--- EXERCISE REQUIREMENTS ---
Pictures aside, the output must consist of the lines from the one containing "Reichelshofen Hotel Brauereigasthof" through the end of the data, reproduced exactly.

--- Dataset items ---
--
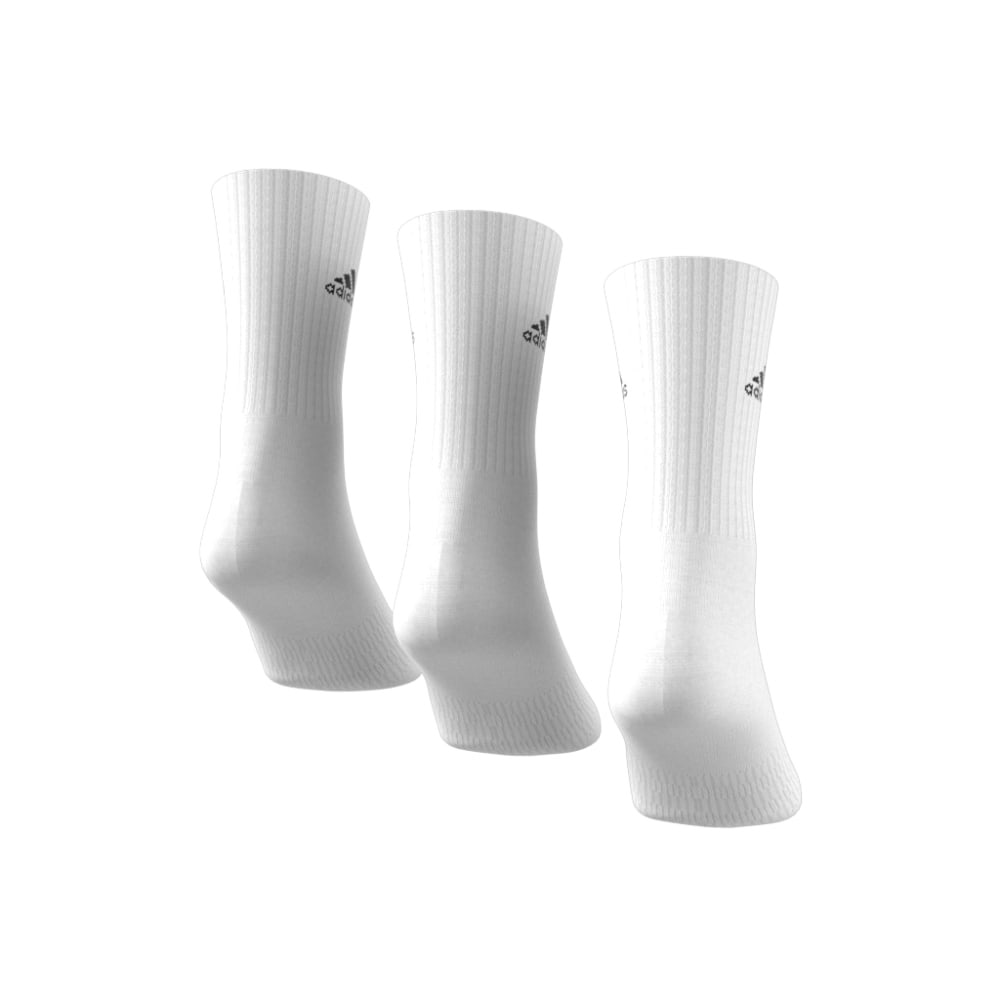 アディダス（adidas）（レディース）クッション クルーソックス 3足組 EBB96-HT3446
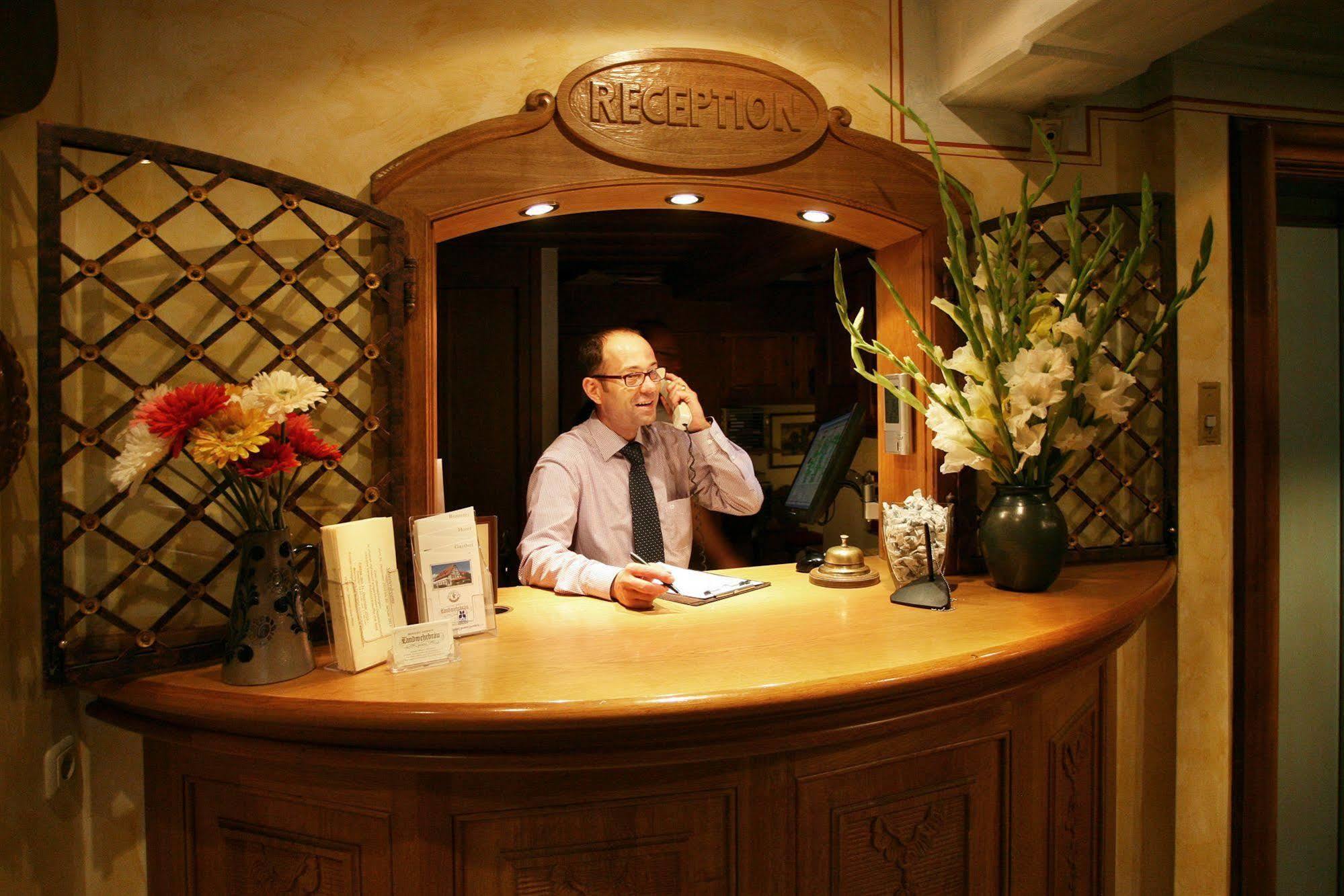 Reichelshofen Hotel Brauereigasthof Landwehr-Braeu מראה חיצוני תמונה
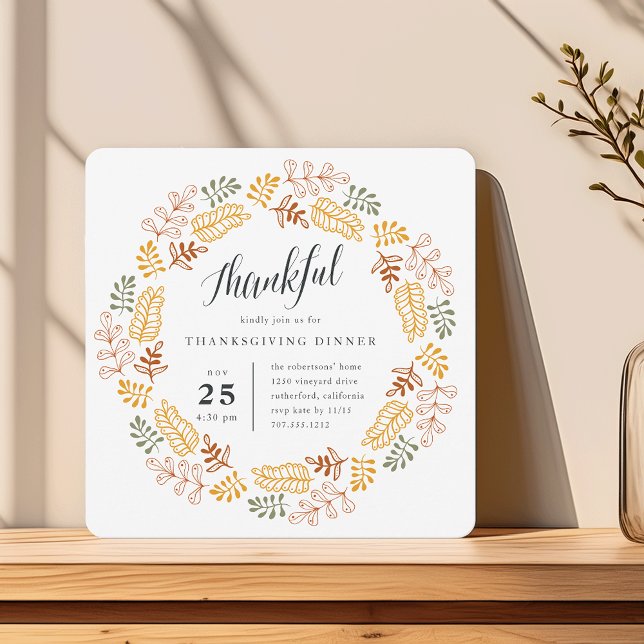 Herbstfeuer | Erntedank - Abendessen Einladung (Von Creator hochgeladen)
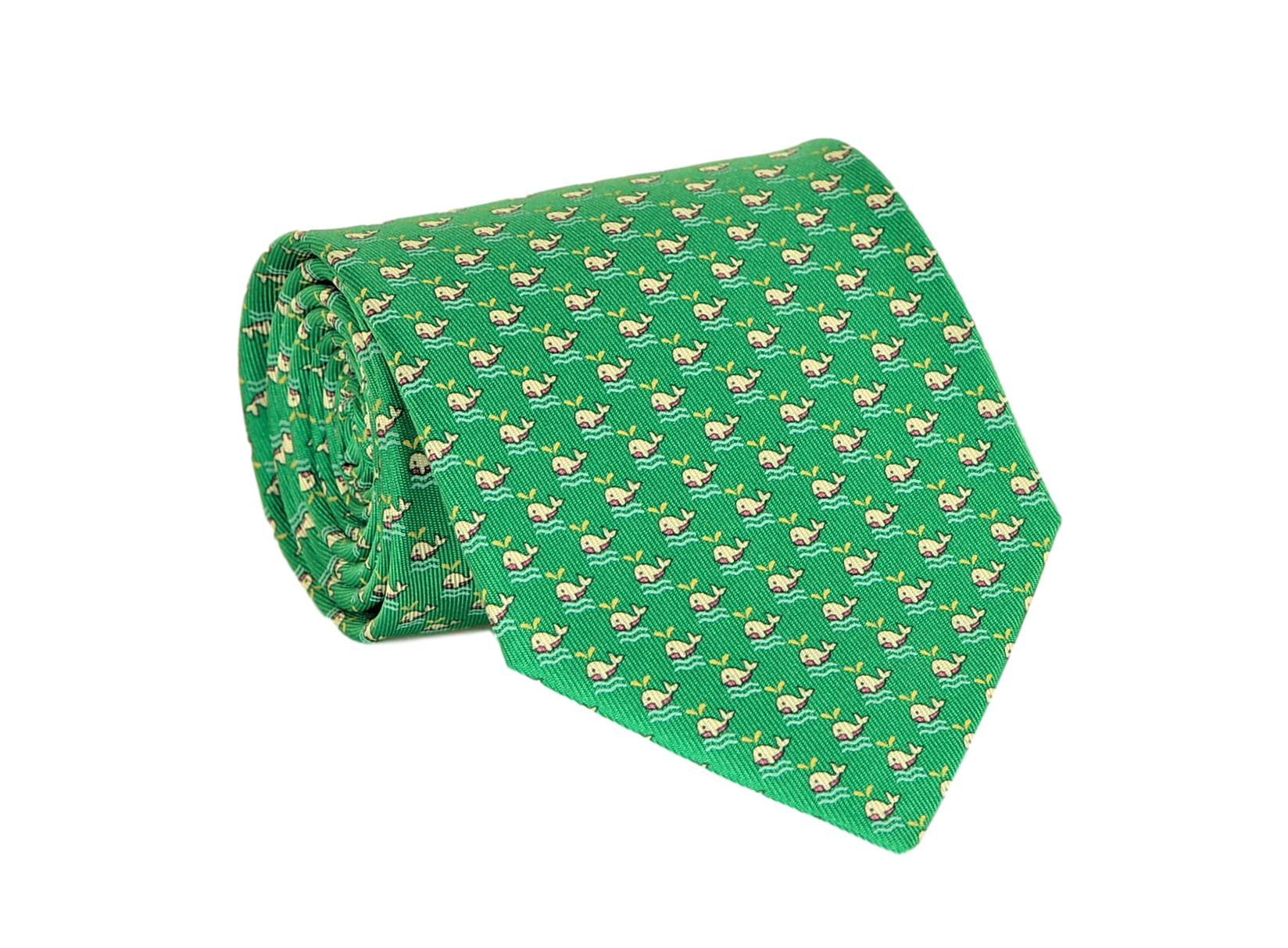 Salvatore Ferragamo Salvatore Ferragamo Men's Whales Print Silk Tie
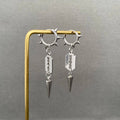 Spike & Blade Huggie Earrings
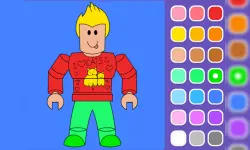 Roblox Coloring Game image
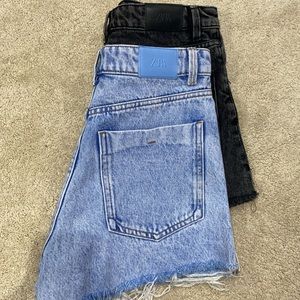 2 pack Zara jean shorts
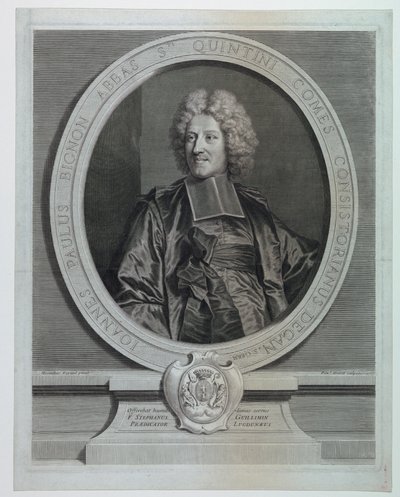 Ritratto di Jean Paul Bignon, abate di St. Quentin da Pierre Drevet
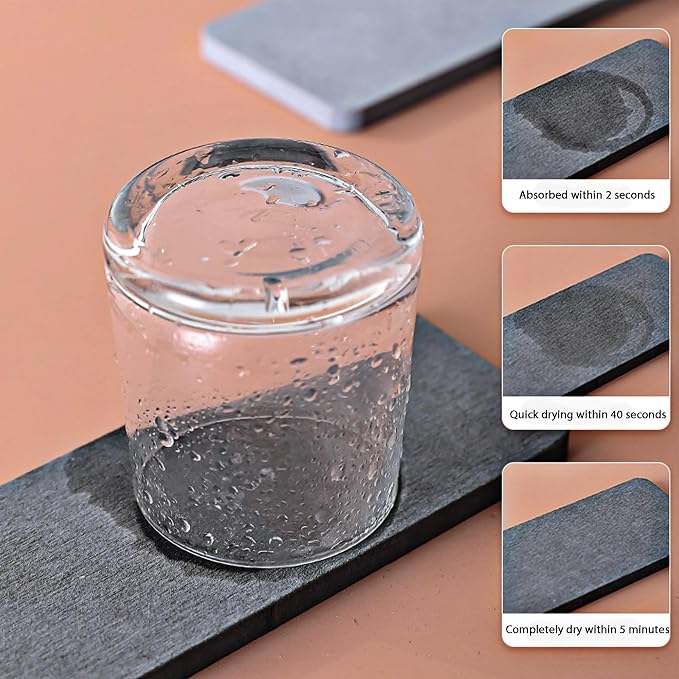 2 Pcs Water Absorbing Stone Trays, Kitchen/Bathroom Sink Soap Dish, Diatomite - Image 4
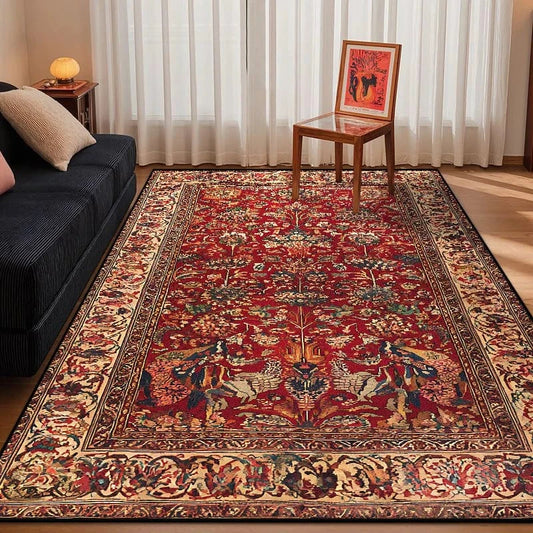 Canvanation BS115-Flannel-1 / custom contact us Tapis Berbère rectangulaire 3D imprimé – Style moderne & persan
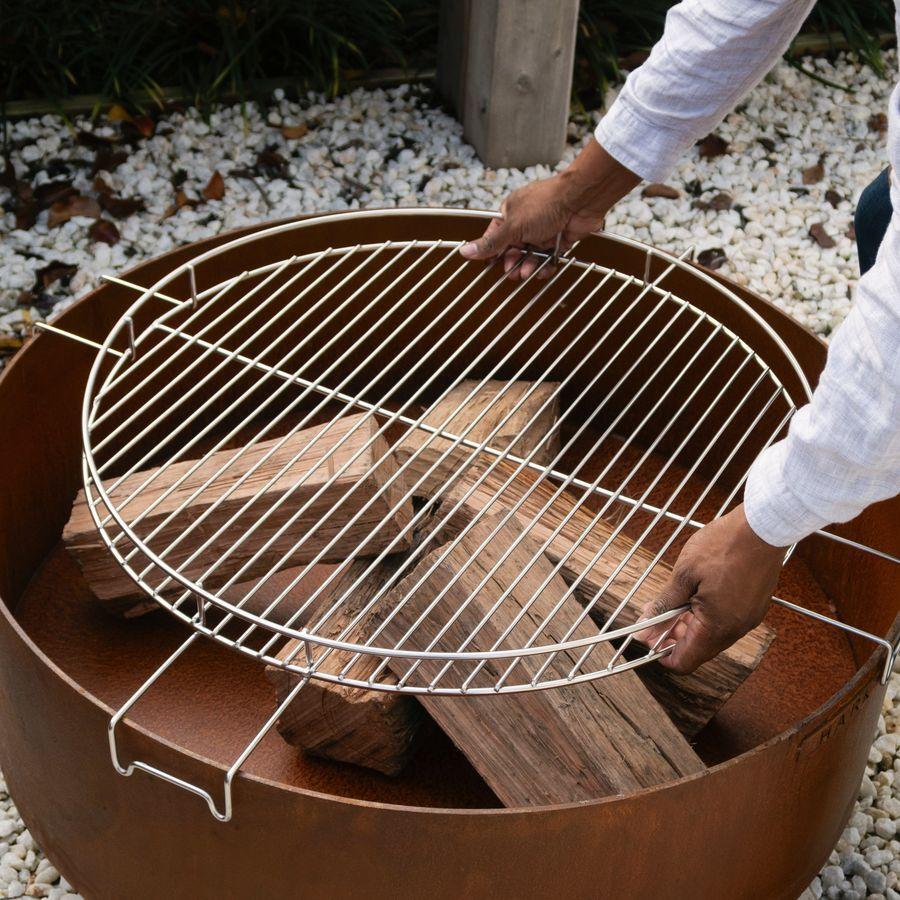 Hark Fire Pit Cooking Grate — 100cm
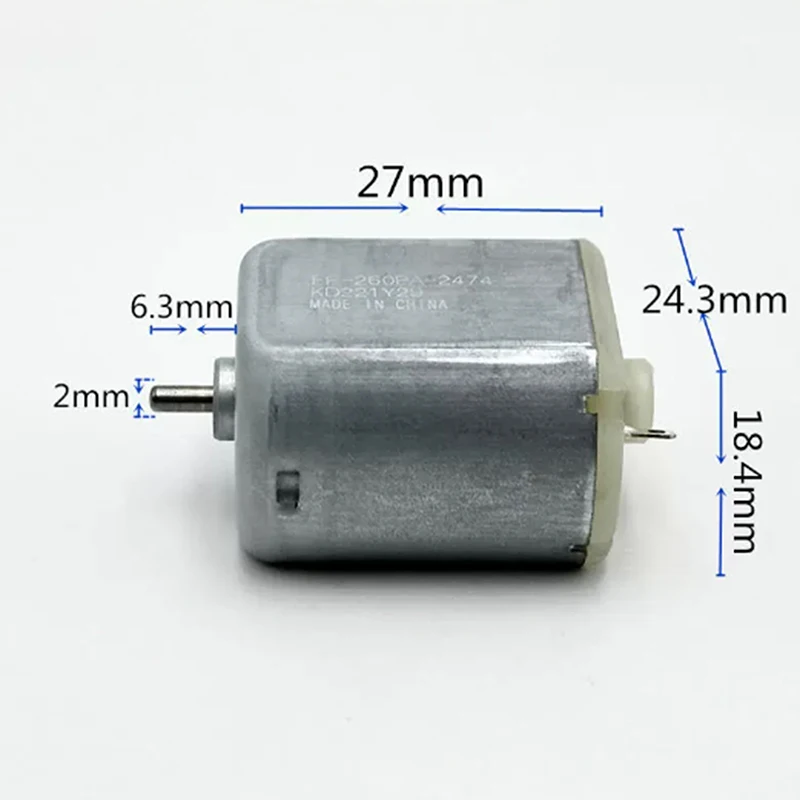 FF-260PA-2474 Mini 24mm*18mm Electric Motor DC 3V 3.7V 4.2V High Speed Engine For Electric Shaver Razor Car Toy Boat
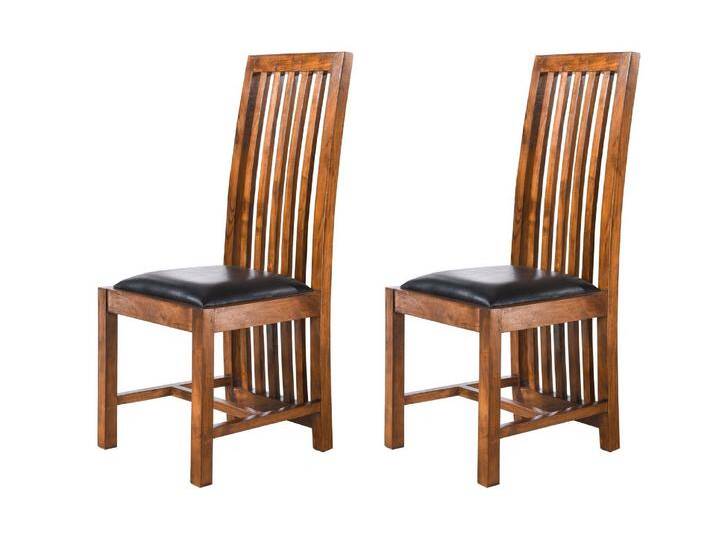 Stuhl Akazie 43x50x109 honig lackiert OXFORD # 029 - 2er Set Stuhl Akazie 43x50x109 honig lackiert OXFORD # 029 - 2er Set von MASSIVMOEBEL24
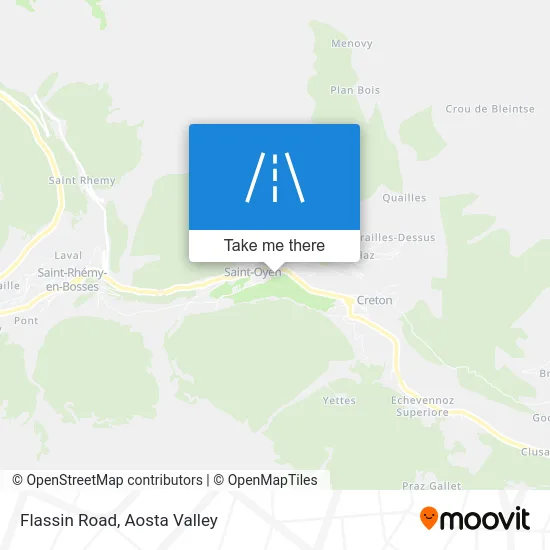 Flassin Road map
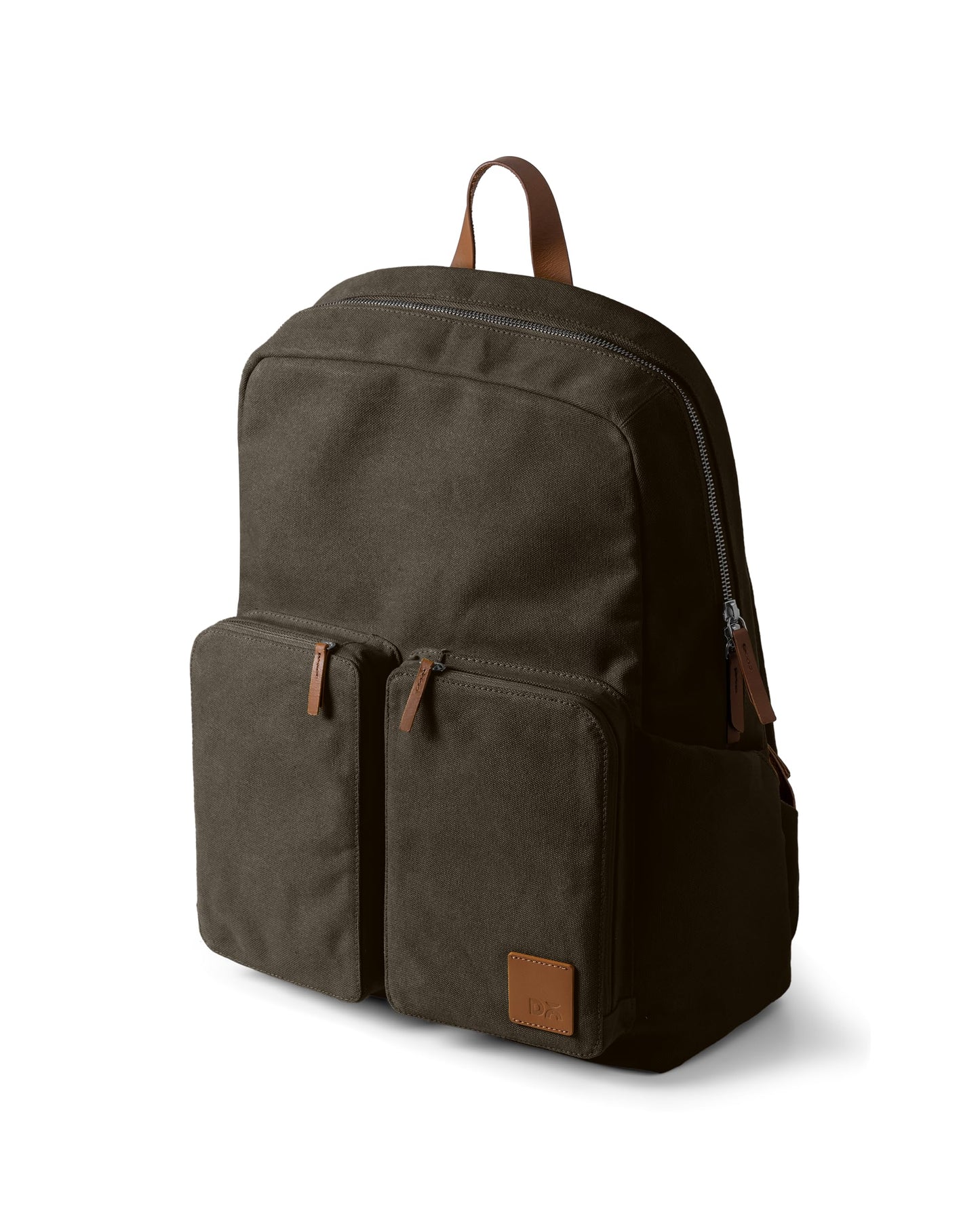 DailyObjects Clove Field Backpack (20L) | Casual Laptop Bag with Luggage Sleeve | Unisex Travel Backpack | Durable Canvas Material | Zippered Compartments with Pockets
--
--- FINAL ANSWER ---
 Reichelshofen Hotel Brauereigasthof Landwehr-Braeu מראה חיצוני תמונה
 Herbstfeuer | Erntedank - Abendessen Einladung (Von Creator hochgeladen)
 Salvatore Ferragamo Salvatore Ferragamo Men's Whales Print Silk Tie
 Spike & Blade Huggie Earrings
 Roblox Coloring Game image
 2 pack Zara jean shorts
 Ritratto di Jean Paul Bignon, abate di St. Quentin da Pierre Drevet
 2 Pcs Water Absorbing Stone Trays, Kitchen/Bathroom Sink Soap Dish, Diatomite - Image 4
 Canvanation BS115-Flannel-1 / custom contact us Tapis Berbère rectangulaire 3D imprimé – Style moderne & persan
 Hark Fire Pit Cooking Grate — 100cm
 FF-260PA-2474 Mini 24mm*18mm Electric Motor DC 3V 3.7V 4.2V High Speed Engine For Electric Shaver Razor Car Toy Boat
 Stuhl Akazie 43x50x109 honig lackiert OXFORD # 029 - 2er Set Stuhl Akazie 43x50x109 honig lackiert OXFORD # 029 - 2er Set von MASSIVMOEBEL24
 Flassin Road map
 DailyObjects Clove Field Backpack (20L) | Casual Laptop Bag with Luggage Sleeve | Unisex Travel Backpack | Durable Canvas Material | Zippered Compartments with Pockets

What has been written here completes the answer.